Cha Cha penstemons
Summer days evoke the warm sun and the drowsy foraging of contented bees amongst the gentle drifts of summer flowers. Bell-shaped flowers are particularly enticing to bees.
Aflower garden is one of the best ways to help out our vitally important bees. Many annuals and perennials are good food sources but bees are particularly attracted to certain colours and shapes of flower.
Blues, mauves and yellows are top of the bee’s list as are cup or bell shaped blooms. Some flowers produce nectar guides, which are strong patterns to draw the bee in to the ‘prize’ of nectar or pollen, as seen in Penstemons ‘Strawberry
Taffy’ and ‘CHA CHA Pink’. The reward for the plant is pollination serving a vital reproductive function, while bees and other important insects depend on natures pantry to survive and thrive.
Creating diversity of food sources by planting perennials which flower in different seasons is a practical way to help nurture a bee population.
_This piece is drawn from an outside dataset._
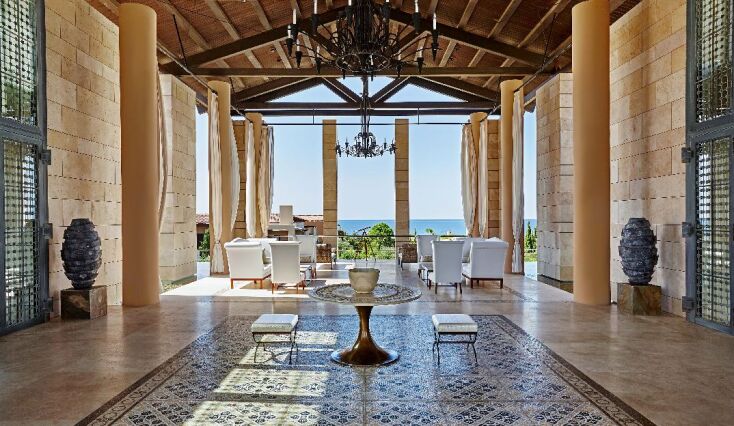 The Romanos, a Luxury Collection Resort 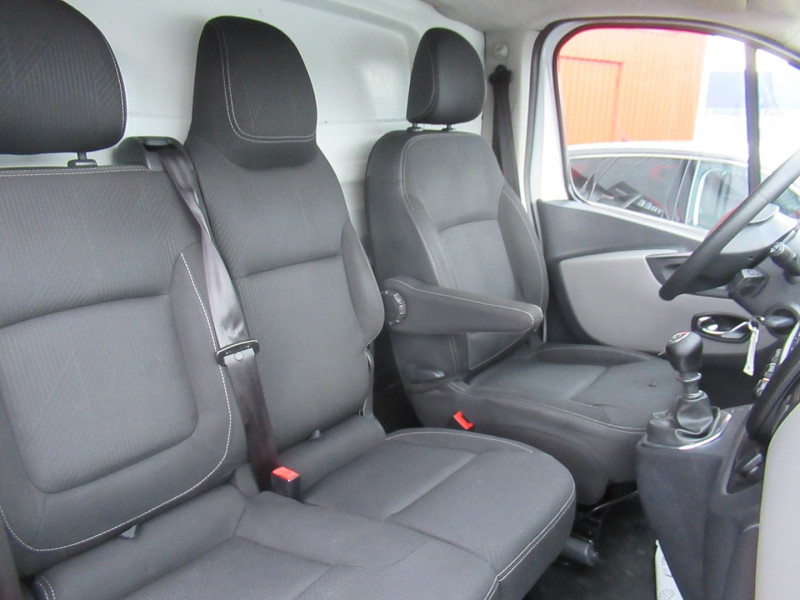 Photo 6 de l'offre de RENAULT TRAFIC III FG L1H1 1000 1.6 DCI 90CH GRAND CONFORT à 12995€ chez Remiremont automobiles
Spring is rich with options including Campanula, Scabiosa, Lavender and Alstroemeria. Summer Nepeta and Sedums will be alive with bees foraging, while the Autumn offers fruit tree blossom but also
Rudbeckia and Echinacea are valued for bees.
Winter can be difficult and while there are fewer bees around it’s good to ensure a supply of pollen when the wildlife wakes up, ideal are wallflowers and hellebores.
Penstemons deserve a special mention as the newer varieties will flower from spring right through summer and into late autumn, packing a lot of flower power if your garden space is limited. The new and compact ’CHA CHA’ series are a great compact option with masses of blue or pink bell flowers with those distinctive nectar guides to help direct the bee traffic. Gardeners too get to enjoy the lovely spectacle of a summer garden in full and glorious flower.
Pictured anti clockwise from
top left: Penstemon CHA CHA Purple, Penstemon CHA CHA pink, Bumble Bee feeding, Penstemon ‘Strawberry Taffy’ showing distinctive Nectar Guide patternation.